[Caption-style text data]
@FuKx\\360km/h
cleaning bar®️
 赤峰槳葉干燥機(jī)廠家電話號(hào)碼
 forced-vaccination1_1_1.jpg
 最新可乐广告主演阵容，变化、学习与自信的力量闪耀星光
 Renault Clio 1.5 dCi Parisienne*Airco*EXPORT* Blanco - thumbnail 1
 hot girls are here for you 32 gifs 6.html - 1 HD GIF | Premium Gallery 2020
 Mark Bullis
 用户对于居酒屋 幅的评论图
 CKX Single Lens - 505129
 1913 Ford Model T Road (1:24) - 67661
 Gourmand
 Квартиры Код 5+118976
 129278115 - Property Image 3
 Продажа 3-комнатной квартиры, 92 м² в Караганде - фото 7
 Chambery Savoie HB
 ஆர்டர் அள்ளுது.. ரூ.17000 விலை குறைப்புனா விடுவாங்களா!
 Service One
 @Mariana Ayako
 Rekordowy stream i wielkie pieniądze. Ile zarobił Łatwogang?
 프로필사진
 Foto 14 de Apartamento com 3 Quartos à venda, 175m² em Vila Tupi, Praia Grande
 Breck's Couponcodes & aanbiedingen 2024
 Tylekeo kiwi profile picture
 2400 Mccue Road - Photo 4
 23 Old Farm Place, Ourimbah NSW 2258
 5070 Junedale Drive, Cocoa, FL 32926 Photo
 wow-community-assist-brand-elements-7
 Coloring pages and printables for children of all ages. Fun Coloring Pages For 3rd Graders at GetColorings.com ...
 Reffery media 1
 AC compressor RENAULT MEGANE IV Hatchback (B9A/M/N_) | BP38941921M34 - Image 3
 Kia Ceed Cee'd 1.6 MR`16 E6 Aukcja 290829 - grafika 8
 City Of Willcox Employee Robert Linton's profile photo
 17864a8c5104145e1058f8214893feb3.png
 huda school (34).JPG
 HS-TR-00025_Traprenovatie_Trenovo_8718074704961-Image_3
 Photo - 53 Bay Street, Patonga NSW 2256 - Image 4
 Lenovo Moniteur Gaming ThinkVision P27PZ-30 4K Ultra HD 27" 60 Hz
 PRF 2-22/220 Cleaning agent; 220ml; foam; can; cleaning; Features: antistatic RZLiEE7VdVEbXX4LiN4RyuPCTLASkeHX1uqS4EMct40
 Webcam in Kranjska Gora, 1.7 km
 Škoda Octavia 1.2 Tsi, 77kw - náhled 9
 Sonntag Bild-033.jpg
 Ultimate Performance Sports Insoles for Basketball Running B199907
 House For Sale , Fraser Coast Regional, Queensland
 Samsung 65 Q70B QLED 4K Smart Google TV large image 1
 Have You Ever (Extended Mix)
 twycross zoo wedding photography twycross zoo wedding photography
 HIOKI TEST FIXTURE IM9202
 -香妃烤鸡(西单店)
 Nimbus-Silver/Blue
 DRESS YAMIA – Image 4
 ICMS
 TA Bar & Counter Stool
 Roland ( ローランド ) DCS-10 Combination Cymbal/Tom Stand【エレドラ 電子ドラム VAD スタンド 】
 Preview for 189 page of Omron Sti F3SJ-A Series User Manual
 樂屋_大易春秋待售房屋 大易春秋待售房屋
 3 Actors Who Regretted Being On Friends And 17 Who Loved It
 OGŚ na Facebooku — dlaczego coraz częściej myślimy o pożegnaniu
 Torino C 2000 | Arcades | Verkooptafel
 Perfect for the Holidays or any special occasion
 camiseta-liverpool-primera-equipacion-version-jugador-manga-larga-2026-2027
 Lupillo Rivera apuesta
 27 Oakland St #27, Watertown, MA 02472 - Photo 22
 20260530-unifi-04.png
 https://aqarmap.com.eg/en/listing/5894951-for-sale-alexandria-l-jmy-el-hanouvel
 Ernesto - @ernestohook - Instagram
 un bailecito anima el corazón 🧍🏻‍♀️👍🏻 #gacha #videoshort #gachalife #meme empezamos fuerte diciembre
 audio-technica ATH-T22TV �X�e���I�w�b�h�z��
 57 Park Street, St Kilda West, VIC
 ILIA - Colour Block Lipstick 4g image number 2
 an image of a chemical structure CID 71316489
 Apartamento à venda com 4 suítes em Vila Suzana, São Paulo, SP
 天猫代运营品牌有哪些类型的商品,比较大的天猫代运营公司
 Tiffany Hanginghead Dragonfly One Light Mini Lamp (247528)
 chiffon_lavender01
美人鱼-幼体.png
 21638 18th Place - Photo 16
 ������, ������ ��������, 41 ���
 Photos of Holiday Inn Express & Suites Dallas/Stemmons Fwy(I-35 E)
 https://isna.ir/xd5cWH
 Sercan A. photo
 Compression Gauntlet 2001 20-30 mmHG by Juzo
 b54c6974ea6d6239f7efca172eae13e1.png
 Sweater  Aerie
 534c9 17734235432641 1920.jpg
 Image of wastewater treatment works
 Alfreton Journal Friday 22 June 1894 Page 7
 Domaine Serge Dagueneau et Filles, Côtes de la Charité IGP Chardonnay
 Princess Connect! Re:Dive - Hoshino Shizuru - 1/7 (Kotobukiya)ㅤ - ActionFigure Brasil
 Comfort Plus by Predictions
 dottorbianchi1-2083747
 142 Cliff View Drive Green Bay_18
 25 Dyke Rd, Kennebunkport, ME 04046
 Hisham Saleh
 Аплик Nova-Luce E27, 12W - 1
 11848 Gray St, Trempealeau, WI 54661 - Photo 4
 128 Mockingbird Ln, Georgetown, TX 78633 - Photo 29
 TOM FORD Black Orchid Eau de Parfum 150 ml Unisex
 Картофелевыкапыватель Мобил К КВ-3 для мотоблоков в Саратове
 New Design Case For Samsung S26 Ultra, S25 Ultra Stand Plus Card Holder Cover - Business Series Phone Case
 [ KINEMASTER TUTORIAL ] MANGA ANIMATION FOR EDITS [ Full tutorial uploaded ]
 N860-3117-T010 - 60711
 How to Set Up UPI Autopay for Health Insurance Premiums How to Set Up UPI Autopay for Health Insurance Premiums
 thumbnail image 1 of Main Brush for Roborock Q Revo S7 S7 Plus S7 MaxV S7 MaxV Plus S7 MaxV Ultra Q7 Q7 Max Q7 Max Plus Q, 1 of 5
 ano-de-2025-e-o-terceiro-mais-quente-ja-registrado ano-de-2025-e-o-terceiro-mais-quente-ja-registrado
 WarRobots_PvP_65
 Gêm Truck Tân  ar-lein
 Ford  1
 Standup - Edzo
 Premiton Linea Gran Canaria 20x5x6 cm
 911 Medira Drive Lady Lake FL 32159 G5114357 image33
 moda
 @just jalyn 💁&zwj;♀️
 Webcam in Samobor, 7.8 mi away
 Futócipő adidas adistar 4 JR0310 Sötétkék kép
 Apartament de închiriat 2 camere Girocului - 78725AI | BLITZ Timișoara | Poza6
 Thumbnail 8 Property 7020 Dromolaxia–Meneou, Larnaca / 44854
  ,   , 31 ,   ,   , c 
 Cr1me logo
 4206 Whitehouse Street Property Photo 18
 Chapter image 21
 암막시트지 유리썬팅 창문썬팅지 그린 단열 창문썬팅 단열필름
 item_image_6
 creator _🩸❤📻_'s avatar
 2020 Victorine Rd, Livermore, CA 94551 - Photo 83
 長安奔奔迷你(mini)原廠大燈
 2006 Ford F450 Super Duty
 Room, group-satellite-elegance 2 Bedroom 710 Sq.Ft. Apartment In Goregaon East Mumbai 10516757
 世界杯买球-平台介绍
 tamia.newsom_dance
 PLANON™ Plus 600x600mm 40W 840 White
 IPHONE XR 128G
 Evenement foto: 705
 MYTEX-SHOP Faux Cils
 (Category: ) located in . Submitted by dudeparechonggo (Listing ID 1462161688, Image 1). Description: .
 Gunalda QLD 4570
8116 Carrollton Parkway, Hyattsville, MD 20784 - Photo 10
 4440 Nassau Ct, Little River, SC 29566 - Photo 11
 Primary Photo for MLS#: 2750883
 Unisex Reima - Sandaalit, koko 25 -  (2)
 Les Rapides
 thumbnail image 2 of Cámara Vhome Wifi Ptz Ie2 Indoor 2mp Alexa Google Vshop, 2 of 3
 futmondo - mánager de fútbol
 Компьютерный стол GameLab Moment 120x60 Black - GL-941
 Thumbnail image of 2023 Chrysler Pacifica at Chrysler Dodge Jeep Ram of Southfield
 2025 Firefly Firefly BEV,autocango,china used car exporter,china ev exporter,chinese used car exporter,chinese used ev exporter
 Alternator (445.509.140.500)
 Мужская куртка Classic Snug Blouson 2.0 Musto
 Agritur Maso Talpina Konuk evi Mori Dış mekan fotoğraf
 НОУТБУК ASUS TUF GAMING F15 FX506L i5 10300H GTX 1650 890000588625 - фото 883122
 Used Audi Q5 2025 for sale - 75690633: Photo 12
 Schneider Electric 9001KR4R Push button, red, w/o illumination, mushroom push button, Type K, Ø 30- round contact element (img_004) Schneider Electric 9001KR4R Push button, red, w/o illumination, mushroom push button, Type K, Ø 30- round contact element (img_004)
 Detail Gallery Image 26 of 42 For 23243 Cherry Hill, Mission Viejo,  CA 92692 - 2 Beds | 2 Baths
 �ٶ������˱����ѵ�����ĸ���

## Task objective
The line above containing "Nimbus-Silver/Blue", the line containing "20260530-unifi-04.png", and every line between them are to be transcribed exactly; no other line is wanted.

## Response
 Nimbus-Silver/Blue
 DRESS YAMIA – Image 4
 ICMS
 TA Bar & Counter Stool
 Roland ( ローランド ) DCS-10 Combination Cymbal/Tom Stand【エレドラ 電子ドラム VAD スタンド 】
 Preview for 189 page of Omron Sti F3SJ-A Series User Manual
 樂屋_大易春秋待售房屋 大易春秋待售房屋
 3 Actors Who Regretted Being On Friends And 17 Who Loved It
 OGŚ na Facebooku — dlaczego coraz częściej myślimy o pożegnaniu
 Torino C 2000 | Arcades | Verkooptafel
 Perfect for the Holidays or any special occasion
 camiseta-liverpool-primera-equipacion-version-jugador-manga-larga-2026-2027
 Lupillo Rivera apuesta
 27 Oakland St #27, Watertown, MA 02472 - Photo 22
 20260530-unifi-04.png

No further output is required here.